The Dyslexia Project’s mission is to empower children to become all they are capable of being, by helping them to learn to read, using methods based on research by the National Institute of Health.
In addition, we seek to develop awareness of what dyslexia is, how it can be overcome, and why it is important to do so. We also seek to empower dyslexic children by helping them to appreciate their special talents and abilities.
Dyslexics are very noticeable by their strengths. They most likely will be good in one or more of these areas:
• People skills, very sensitive
• Highly intuitive
• Mechanical skill, good logic
• 3-D visualization
• Extremely curious
Dyslexia is a language processing disorder that also impacts directionality and the ability to memorize random facts. Dyslexia is inherited. Warning signs of dyslexia start to appear as early as age 1. A child can be accurately tested for dyslexia as early as age 5. Dyslexia can now be identified by MRI, but is easily identified by a set of signs/symptoms. Nothing else can mimic dyslexia.
We know that our method is not a quick fix (research shows that it takes about 100 hours to bring the student to a level of competence) and we hope to keep the students long enough to bring their skills up to grade level.
• As our students become competent, enthusiastic readers and spellers, we will begin again with more children who need our help.
• We will hold periodic meetings at the local library, to inform parents and the general public about dyslexia and related learning difficulties.
• We will host continuing education courses for the students in our local colleges/universities so they will be competent in recognizing dyslexia, and offering resources to close the gap for children who struggle processing language.
• We will gently and confidently relay 30 years of research to our testing facilities and school facilities in the State of Arkansas about the myths surrounding dyslexia. We will provide information on testing standards that must be followed to accurately diagnose dyslexia, set forth by the International Dyslexia Association. We will also convey the proof of early, specific, systematic, and logical approaches to help those with dyslexia.
• We will help other groups to replicate what we are doing in Conway, so that children in other nearby communities will benefit from what we have learned.
• We will investigate other states that have successful programs set in place for early/accurate screening of children with dyslexia. We will advocate for legislation which provides children to be identified early. We will also advocate for research-proven approaches, as well as accommodations in the classroom, for these children to be offered every opportunity to live up to the potential with which are capable.
• We will eventually close our doors, when the schools in our area finally address the considerable problems faced by children who cannot learn to read by traditional methods.
• Delayed speech
• Mixing up sounds and syllables in long words
• Chronic ear infections
• Severe reactions to childhood illnesses
• Constant confusion of left vs. right
• Late establishing dominant hand
• Difficulty learning to tie shoes
• Trouble memorizing alphabet, address, phone number, etc.
• Can’t create words that rhyme
• A close relative with dyslexia
• Dysgraphia (slow, non-automatic handwriting that is difficult to read)
• Letter or number reversals continuing past 1st grade
• Extreme difficulty with cursive
• Slow, choppy, inaccurate reading: guessing at words, skips or misreads prepositions (at, to, of), ignores suffixes, can’t sound out unknown words
• Terrible spelling (spelling worse than reading) even high repetition sight words.
• Trouble with math: memorizing multiplication tables, memorizing sequence of steps, directionality
• Difficulty finding correct word: “whatyamacallits” and “thingies”

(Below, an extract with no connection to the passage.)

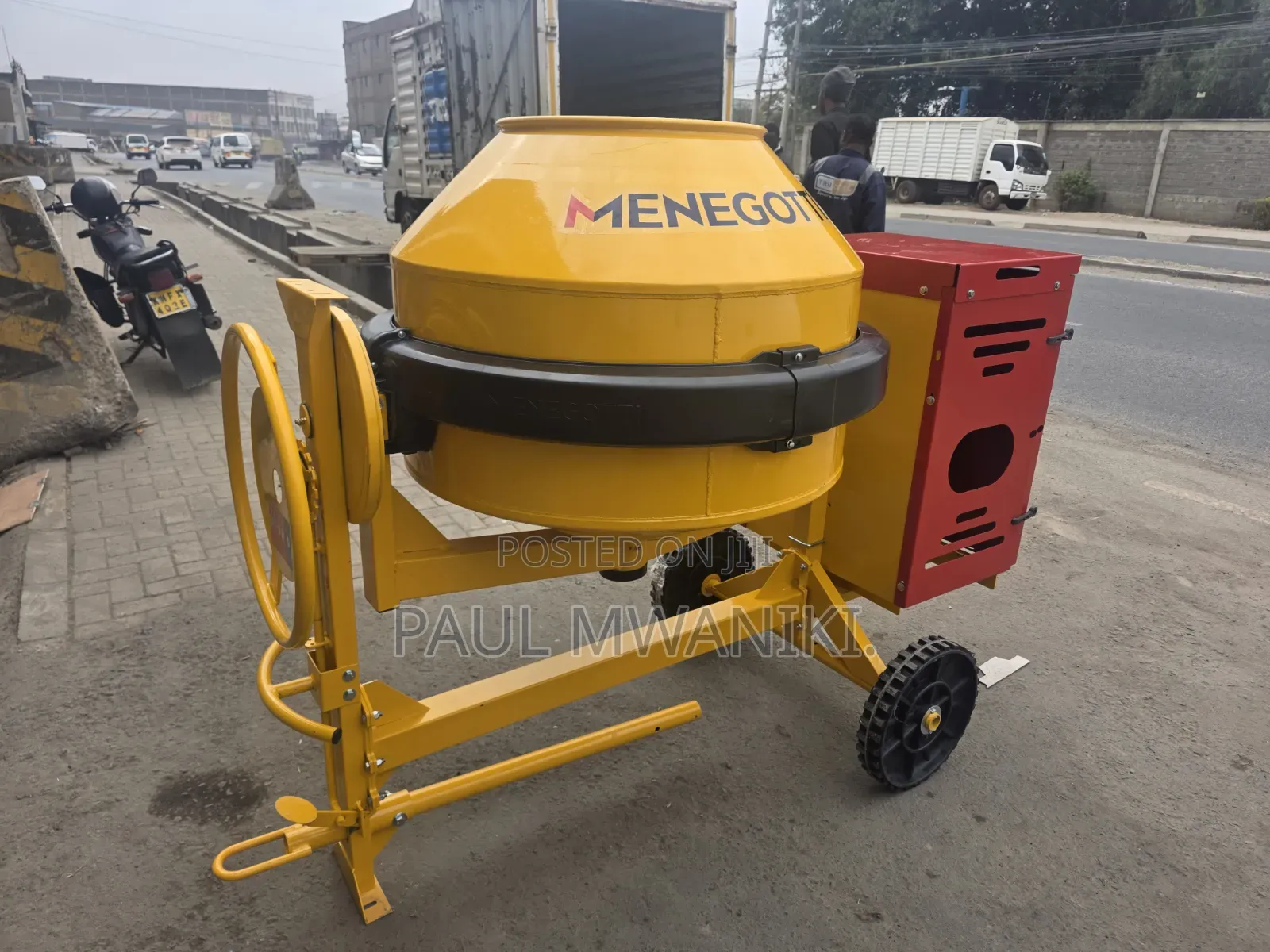 Concrete Mixer 400 Liters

• Extremely messy bedroom, backpack, and desk
• Dreads going to school: complains of stomach aches or headaches, nightmares about school
• All above symptoms
• Limited vocabulary
• Extremely poor written expression-large discrepancy between verbal skills and written composition
• Unable to master a foreign language
• Difficulty reading printed music
• May drop out of high school
If a child has 3 or more of the following warning signs, they should be screened/tested for dyslexia.

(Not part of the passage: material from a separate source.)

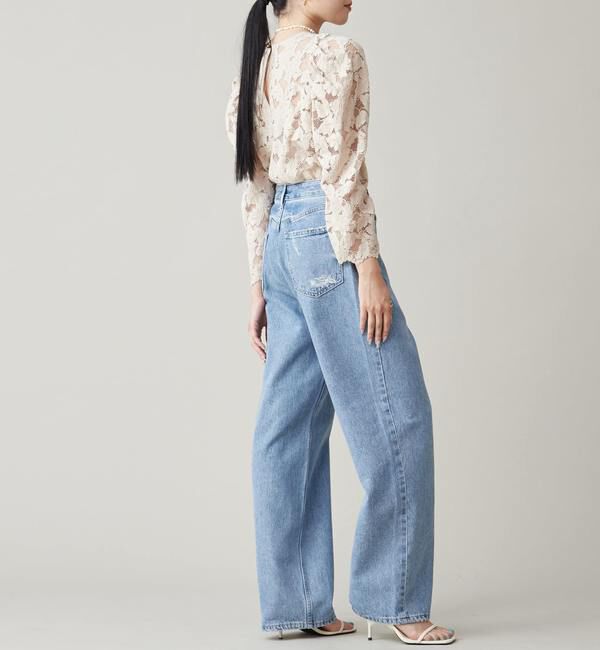 Liesse「レースブラウス（セットアップ対応）」|シャツ・ブラウス|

To schedule a screening please call one of our certified screeners:
Becca Keith 501-472-3042 or Brenda Burgess 501-472-6521
Methods that Won’t help a dyslexic:
• Hooked on phonics
• Reading recovery
• Read naturally
• Accelerated reader
• Vision therapy
• Brain gym or other exercises
• Sylvan, score, Kuman centers, other common tutoring facilities
• Ron Davis, Gift of Dyslexia
• Special diet or medication
This is not my opinion, but based on results. My source on this is Susan Barton, one of the most highly educated people in the country on the subject of dyslexia. This could definitely step on some toes, but this is the truth.
Methods that work: based on Orton-Gillingham way
• Alphabetic phonics
• Project read
• Barton Reading and Spelling System
The method that our tutors will be using the called the Barton Reading and Spelling System. It is an Orton-Gillingham adapted method. This method was developed so that parents could tutor their own children. It is scripted and comes with DVDs that teach each lesson to the tutor before presenting it to the child.